(Dataset items)
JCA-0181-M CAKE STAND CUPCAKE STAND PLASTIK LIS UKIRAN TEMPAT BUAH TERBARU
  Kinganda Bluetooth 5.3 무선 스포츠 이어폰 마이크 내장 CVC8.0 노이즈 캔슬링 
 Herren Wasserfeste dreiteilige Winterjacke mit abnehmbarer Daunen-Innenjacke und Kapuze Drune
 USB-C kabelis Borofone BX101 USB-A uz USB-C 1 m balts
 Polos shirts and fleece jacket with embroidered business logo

* Work item
Above are the records; copy exactly the lines from the one with "Herren Wasserfeste dreiteilige" through the final line.

* Result of this task
 Herren Wasserfeste dreiteilige Winterjacke mit abnehmbarer Daunen-Innenjacke und Kapuze Drune
 USB-C kabelis Borofone BX101 USB-A uz USB-C 1 m balts
 Polos shirts and fleece jacket with embroidered business logo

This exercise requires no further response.